* _The problem_: Within the listing that follows, reproduce exactly the lines starting at the line with "10942 W Sample" and ending at the line with "404 72nd St, Niagara", inclusive, and only those. Pictures are dropped.

* _Material to process_:
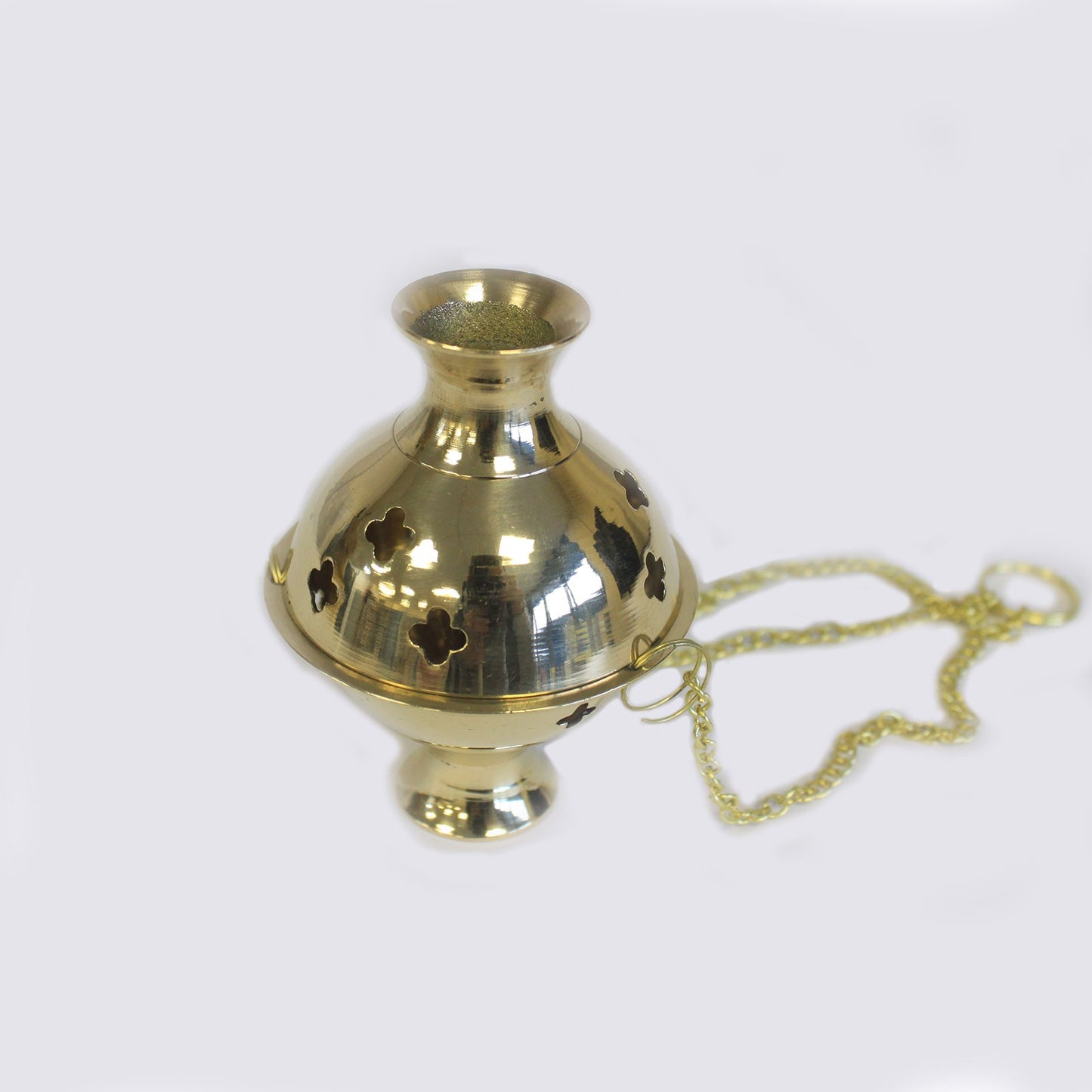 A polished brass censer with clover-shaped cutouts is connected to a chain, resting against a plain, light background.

* * *

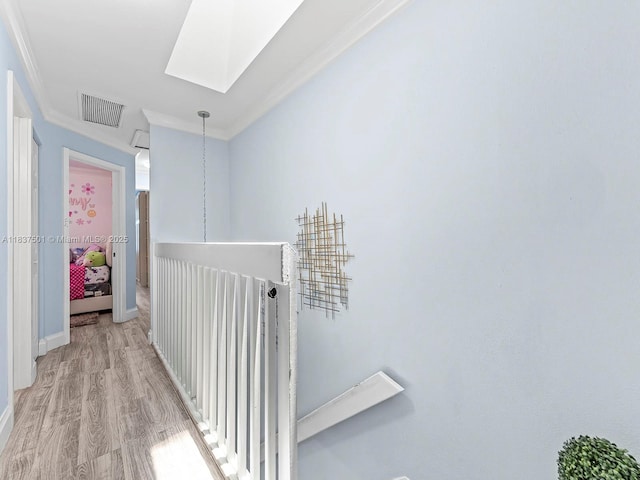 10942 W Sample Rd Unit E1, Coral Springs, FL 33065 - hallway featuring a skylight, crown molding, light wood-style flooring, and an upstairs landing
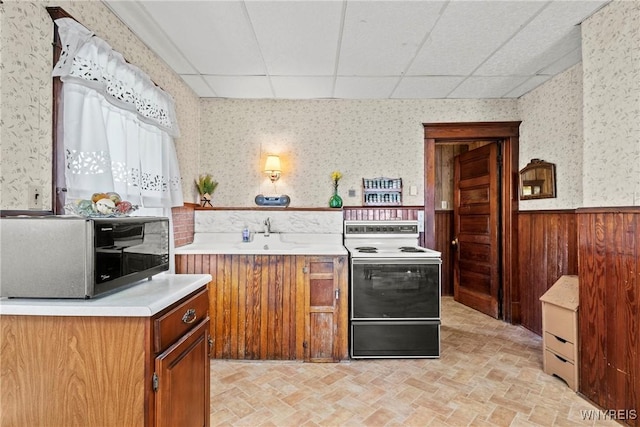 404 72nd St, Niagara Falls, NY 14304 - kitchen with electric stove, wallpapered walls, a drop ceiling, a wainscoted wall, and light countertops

* _Task response_:
 10942 W Sample Rd Unit E1, Coral Springs, FL 33065 - hallway featuring a skylight, crown molding, light wood-style flooring, and an upstairs landing
 404 72nd St, Niagara Falls, NY 14304 - kitchen with electric stove, wallpapered walls, a drop ceiling, a wainscoted wall, and light countertops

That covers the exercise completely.